The role of the liquidator is to realise the assets of the company and to pay off creditors of the company from the proceeds of sale. If difficulty arises in the course of his administration of the winding up process, the liquidator may apply to the court for directions.
A decade ago, the Malaysian Federal Court (being the apex Court) held in Ooi Woon Chee & Anor v. Dato’ See Teow Chuan & Ors [2012] 2 MLJ 713 that such directions to the liquidator were non-appealable on the grounds that those directions were in the nature of advice only and were not a judgment or order.

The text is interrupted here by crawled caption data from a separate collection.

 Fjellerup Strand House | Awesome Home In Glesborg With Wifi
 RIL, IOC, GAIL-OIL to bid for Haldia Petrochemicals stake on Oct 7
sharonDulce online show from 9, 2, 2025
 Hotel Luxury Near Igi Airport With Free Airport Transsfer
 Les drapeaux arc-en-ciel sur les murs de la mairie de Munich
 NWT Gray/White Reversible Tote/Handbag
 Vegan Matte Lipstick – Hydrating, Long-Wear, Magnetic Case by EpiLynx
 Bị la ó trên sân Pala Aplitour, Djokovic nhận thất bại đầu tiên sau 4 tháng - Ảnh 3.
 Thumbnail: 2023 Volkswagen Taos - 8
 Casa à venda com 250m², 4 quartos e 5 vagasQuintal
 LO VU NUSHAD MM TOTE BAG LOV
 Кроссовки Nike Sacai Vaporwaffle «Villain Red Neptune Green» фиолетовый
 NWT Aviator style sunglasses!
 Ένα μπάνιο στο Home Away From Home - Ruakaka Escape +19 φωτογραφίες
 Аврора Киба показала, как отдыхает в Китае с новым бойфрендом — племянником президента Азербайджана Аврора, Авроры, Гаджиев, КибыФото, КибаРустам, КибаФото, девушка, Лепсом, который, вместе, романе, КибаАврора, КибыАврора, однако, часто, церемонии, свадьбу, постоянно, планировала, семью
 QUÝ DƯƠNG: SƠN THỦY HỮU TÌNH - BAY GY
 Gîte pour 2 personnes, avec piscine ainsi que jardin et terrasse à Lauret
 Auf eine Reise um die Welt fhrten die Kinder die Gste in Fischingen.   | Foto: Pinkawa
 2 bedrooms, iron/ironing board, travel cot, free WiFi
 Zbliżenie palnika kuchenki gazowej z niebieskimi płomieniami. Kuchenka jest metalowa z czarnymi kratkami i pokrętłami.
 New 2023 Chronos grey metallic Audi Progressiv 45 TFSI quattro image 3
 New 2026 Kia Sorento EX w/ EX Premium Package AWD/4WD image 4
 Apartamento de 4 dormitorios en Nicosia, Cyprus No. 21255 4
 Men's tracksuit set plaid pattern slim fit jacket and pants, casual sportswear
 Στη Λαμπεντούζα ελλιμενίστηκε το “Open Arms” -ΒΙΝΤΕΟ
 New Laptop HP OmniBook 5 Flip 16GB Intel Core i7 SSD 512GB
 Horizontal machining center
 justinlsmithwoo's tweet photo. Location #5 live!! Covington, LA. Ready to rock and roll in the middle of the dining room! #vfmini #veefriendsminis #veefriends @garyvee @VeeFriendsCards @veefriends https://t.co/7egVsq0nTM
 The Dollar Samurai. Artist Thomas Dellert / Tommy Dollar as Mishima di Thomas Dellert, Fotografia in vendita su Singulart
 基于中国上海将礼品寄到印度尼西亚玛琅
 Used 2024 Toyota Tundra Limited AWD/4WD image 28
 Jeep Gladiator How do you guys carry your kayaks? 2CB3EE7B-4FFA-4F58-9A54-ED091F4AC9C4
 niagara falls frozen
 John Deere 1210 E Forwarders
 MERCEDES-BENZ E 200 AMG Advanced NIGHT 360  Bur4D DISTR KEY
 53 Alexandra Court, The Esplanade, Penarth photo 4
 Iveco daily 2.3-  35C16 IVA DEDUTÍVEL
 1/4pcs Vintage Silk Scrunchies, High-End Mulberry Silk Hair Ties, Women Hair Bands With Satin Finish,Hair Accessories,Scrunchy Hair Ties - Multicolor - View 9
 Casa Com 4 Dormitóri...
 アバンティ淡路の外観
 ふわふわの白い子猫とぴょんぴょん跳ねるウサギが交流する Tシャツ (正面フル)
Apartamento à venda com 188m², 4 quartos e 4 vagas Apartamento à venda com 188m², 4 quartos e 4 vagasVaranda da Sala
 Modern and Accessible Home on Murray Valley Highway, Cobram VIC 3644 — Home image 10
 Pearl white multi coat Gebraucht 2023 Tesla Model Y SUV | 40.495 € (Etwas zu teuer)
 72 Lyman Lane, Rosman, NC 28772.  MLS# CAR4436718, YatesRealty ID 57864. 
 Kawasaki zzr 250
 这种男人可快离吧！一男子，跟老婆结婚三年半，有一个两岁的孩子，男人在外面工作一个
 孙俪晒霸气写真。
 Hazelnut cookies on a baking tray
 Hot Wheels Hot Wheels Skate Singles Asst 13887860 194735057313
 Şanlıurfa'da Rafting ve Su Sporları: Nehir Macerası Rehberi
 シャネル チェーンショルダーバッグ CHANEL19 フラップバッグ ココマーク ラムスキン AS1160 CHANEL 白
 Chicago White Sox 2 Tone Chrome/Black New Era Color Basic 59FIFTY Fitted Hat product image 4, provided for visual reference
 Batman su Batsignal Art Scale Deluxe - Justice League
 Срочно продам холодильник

Recently, the same issue (on the appealability of such directions) came up before the Federal Court in Tan Kim Chuan v. Tan Kim Tian & Ors and another appeal [2022] 6 MLJ 888. The Federal Court clarified and qualified its earlier decision and held that such directions given to the liquidator are appealable only if those directions affect the substantive rights of the parties involved in the liquidation, which was a question of fact.
With this Federal Court decision, the decade-long doubt about whether directions given to the liquidator pursuant to the liquidator’s application under section 487(3) of the Companies Act (section 237(3) of the repealed Companies Act 1965) are non-appealable – which was once thought to be a blanket ban on challenges to such directions – has now been finally and conclusively removed.